Our Muslim Allies

Written by Sean Linnane on Monday November 9, 2009

The enemy seeks to drive a wedge between our Muslim allies and us, to divide us, and to inspire all the Muslims to rise up against us. If we buy into it, they win.

On 6 November, in the aftermath of the Fort Hood murders, FrumForum posted pictures of the headstones of decorated American soldiers killed in the wars in Iraq and Afghanistan, now buried under the symbol of their religious faith: the crescent of Islam.

I have served with US soldiers like these. They were immigrants to the United States. So am I. They were Muslims, and I trusted them with my life.

I have lived and served with Arab soldiers. I have eaten from the communal rice bowl; I have shared bowls of camel's milk straight from the mare, thus becoming brothers with them. Every day in Afghanistan, thousands of members of the ANA - Afghan National Army - fight alongside U.S. and Allied forces, and too often they are doing most of the dying. They are Muslims, and they are worthy too.

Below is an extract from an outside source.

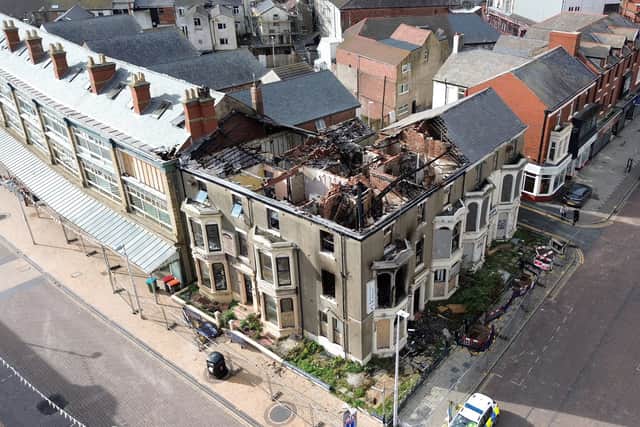 The aftermath of Saturday's blaze at Blackpool's former Carlton Hotel, near the corner of Adelaide Street and Queen Street, on Saturday (September 27)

The enemy seeks to drive a wedge between our Muslim allies and us, to divide us, and to inspire all the Muslims to rise up against us. If we buy into it, they win.

Terrorism is a tactic, not an enemy in and of itself. Terrorism can be used by people of all creeds and backgrounds, in service of many ideologies.

Today, the people using this tactic are most often Muslim, and the ideology is Islamic extremism. We should not under-estimate the danger posed by these people. Beyond the men of violence is a larger universe of extremists, sympathetic to violent ideologies, even if they themselves prefer not to do the fighting themselves.

Yet we have to struggle to remember: The majority of Muslims are regular folk just like you and me, who want the same things we want: to be left alone, to prosper and provide for their families, to leave their children better off than themselves.